_Task prompt_: Sort through the material below and copy each line with "bits".

_Input for this task_:

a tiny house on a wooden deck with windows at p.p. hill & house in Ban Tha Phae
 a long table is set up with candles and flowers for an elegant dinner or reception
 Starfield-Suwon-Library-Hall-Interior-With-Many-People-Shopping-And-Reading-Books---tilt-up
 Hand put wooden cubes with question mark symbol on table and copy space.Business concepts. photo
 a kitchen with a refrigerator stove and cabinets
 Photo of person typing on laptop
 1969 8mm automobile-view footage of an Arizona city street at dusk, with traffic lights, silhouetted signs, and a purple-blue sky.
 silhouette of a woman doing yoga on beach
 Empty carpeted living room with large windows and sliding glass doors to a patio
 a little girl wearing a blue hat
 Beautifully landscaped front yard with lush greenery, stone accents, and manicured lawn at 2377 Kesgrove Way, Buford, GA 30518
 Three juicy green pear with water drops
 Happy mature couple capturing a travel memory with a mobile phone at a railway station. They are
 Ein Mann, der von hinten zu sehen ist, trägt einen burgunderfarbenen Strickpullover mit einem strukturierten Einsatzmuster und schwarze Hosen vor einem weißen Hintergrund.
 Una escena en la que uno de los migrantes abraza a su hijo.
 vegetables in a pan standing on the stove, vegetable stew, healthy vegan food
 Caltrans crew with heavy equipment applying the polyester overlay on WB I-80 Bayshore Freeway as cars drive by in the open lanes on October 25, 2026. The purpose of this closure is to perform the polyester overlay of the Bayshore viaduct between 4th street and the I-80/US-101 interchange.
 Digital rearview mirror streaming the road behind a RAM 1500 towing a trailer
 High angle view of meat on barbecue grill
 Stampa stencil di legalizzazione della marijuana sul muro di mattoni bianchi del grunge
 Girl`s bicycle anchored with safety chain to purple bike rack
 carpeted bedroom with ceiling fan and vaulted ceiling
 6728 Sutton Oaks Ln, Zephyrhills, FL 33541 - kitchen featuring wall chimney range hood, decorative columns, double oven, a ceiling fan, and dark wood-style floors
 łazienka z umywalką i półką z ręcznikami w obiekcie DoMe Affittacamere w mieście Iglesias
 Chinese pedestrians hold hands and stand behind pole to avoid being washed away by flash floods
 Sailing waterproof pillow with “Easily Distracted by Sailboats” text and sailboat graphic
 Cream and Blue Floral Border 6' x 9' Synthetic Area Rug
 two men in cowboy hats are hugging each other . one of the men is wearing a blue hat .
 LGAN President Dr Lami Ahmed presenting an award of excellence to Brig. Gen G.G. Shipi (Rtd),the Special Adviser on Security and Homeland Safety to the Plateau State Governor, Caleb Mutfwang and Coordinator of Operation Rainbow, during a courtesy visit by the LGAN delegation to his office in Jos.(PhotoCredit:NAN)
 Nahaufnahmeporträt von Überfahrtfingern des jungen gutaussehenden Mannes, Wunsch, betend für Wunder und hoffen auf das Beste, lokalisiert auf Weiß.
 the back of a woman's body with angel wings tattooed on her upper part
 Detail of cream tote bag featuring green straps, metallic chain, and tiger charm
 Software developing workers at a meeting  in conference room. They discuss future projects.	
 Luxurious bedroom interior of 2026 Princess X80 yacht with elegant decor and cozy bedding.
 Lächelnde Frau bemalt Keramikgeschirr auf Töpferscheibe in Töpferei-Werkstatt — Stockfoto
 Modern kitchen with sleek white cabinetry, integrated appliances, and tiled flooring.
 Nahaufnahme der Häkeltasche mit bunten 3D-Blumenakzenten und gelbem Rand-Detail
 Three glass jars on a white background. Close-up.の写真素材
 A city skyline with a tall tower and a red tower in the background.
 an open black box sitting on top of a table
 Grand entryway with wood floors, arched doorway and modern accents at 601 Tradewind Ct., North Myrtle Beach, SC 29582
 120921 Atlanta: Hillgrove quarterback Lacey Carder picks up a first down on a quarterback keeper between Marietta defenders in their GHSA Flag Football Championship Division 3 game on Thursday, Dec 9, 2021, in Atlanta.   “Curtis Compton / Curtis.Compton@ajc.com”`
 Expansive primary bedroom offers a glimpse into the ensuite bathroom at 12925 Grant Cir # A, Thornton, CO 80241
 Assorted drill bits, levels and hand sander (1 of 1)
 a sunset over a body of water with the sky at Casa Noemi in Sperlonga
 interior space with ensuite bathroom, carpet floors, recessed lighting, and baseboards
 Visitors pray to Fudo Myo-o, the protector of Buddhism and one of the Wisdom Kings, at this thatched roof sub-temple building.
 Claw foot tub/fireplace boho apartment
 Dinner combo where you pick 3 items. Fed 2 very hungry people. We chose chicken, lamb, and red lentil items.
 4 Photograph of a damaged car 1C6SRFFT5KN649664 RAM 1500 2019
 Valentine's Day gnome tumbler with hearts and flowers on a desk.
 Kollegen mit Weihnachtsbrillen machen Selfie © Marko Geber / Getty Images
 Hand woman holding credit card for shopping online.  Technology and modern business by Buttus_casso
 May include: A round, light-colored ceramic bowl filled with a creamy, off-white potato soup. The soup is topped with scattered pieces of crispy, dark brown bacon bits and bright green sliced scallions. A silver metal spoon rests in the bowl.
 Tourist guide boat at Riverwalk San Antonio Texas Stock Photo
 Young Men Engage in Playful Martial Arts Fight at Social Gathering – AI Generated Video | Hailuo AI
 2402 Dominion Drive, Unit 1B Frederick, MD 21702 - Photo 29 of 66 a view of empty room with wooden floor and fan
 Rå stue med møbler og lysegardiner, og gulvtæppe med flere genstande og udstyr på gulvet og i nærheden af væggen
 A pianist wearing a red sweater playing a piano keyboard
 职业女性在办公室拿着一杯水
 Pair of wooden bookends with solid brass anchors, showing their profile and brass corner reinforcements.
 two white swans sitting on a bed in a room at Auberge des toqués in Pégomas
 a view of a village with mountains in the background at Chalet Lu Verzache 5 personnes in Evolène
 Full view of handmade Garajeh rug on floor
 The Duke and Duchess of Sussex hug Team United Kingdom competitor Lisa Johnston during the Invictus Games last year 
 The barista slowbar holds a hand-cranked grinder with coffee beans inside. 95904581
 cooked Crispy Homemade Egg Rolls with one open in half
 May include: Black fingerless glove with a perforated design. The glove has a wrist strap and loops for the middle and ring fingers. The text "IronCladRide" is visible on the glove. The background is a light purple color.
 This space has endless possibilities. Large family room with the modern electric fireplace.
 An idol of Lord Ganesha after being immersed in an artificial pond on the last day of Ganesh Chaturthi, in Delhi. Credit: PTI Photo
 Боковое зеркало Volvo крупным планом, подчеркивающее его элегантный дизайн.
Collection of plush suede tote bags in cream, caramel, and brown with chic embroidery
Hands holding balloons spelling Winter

_Answer section_:
 Assorted drill bits, levels and hand sander (1 of 1)
 May include: A round, light-colored ceramic bowl filled with a creamy, off-white potato soup. The soup is topped with scattered pieces of crispy, dark brown bacon bits and bright green sliced scallions. A silver metal spoon rests in the bowl.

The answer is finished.